As I am building a bench, I just tipped the bench top over to fit my Parkinson Perfect no15. but the tip about holding the vice up on a plank is welcome for next time on a built bench.


----------



## PalletPaul

Bought one of the toolstation vices for my bench lasted a few weeks and cost a fair bit for what I got, not long after up early on a Sunday took a trip to a car boot sale and got myself a record vice for £4, don't know why I didn't think of looking here first... Shall be from now on though a second vice wouldn't hurt. 

Got home and fitted same way as you have only difference being I just bodged my spacer from pallet wood, not had any issues and the vice after cleaning thread every now and then works great.


----------



## paulm

Good to hear you're all sorted Paul, a real bargain too at £4 !!! 

Cheers, Paul


----------



## rspsteve

My 52 1/2 is winging its way to me perfect timing for the fitting guide ..thanks PaulM.

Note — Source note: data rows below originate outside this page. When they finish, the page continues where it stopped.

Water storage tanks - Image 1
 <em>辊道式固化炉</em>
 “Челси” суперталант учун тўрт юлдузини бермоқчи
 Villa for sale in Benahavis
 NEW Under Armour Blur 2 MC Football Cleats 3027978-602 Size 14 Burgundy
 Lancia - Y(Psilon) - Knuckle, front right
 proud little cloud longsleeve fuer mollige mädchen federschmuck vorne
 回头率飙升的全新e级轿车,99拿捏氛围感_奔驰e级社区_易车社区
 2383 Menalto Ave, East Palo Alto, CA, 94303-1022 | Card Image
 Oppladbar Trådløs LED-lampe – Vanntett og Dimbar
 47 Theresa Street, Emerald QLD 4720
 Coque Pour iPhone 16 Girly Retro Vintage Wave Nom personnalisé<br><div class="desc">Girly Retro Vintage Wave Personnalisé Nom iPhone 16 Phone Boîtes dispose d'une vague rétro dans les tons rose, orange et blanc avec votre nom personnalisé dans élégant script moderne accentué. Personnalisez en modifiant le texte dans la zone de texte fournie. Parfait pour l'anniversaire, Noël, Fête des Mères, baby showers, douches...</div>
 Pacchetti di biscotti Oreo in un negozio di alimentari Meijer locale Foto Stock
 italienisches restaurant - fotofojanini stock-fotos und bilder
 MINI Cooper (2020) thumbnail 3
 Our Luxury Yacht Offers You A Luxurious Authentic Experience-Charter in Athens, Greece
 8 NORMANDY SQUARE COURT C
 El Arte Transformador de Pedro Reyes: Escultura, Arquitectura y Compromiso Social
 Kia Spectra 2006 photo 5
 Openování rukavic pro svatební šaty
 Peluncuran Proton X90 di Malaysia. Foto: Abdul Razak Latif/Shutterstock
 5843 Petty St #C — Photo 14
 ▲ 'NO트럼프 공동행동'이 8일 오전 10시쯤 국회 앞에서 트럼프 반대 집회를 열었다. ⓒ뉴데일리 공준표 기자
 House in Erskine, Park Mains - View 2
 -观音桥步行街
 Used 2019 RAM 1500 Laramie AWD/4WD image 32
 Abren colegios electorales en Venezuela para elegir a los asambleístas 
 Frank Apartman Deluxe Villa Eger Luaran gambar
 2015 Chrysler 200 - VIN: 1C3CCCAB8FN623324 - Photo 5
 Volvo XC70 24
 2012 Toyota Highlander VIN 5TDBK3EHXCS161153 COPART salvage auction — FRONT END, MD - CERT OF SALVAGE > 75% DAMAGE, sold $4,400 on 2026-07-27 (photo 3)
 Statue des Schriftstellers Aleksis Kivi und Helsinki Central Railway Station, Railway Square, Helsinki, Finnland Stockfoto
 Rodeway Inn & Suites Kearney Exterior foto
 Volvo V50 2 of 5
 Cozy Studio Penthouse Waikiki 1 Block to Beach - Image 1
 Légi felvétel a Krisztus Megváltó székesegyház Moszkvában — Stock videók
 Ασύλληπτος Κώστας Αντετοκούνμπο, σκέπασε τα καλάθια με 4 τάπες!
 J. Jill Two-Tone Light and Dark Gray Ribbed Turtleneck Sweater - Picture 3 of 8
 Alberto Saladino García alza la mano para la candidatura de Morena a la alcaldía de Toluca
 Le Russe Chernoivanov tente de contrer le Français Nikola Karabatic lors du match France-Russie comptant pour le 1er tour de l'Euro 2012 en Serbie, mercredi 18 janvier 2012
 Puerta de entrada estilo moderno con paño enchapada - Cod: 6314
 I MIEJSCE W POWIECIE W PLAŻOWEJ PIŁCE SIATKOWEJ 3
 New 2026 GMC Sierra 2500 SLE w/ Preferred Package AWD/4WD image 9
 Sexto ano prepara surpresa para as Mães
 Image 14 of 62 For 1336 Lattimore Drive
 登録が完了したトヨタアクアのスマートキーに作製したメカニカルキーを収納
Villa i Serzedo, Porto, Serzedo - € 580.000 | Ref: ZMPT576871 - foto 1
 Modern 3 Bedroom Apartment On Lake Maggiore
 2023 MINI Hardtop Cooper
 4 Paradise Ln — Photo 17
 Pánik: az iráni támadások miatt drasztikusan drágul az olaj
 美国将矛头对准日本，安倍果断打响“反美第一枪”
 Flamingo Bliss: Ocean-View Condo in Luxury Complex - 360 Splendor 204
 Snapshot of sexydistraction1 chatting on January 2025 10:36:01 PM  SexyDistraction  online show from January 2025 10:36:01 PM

Not even built a bench yet...lol

Steve


----------



## John15

Hi Paul,
I've only just seen this post - not sure how I missed it. You have inspired me to try and fix an old Record vice to the end of my bench as you have done. However the bench sub-frame plus top depth amounts to 145mm and the sub-frame is only 75mm from the end of the top so it may not be possible. I will be checking it later.
Many thanks for the inspiration,
John


----------



## DannyEssex

Thanks for this Paul, perfect for me ATM,

I originally bodged the fitting of my 52 1/2 and today set about fitting it properly. My arms are killing me from trying to hold the vice in position, and the tip about holding it in place with a length of wood is brilliant. 

Cheers mate (hammer)


----------



## paulm

Glad it helped Danny, picked up the idea somewhere else myself, simple but works a treat 

Cheers, Paul


----------



## Benchwayze

Paul.. 
What shade of Hammerite did you use. It looks about right for my Paramo vice. (I take it you didn't use the 'crackle' finish Hammerite. 

Cheers 
John


----------



## Phil Pascoe

QD90 by Blackfriars is thought by many to be a better metal paint.


----------



## Benchwayze

I have to take your word for that Phil, but it's the shade I am after. The Paramo is a 'Cambridge Blue' if anything, as opposed to Record's Oxford Blue.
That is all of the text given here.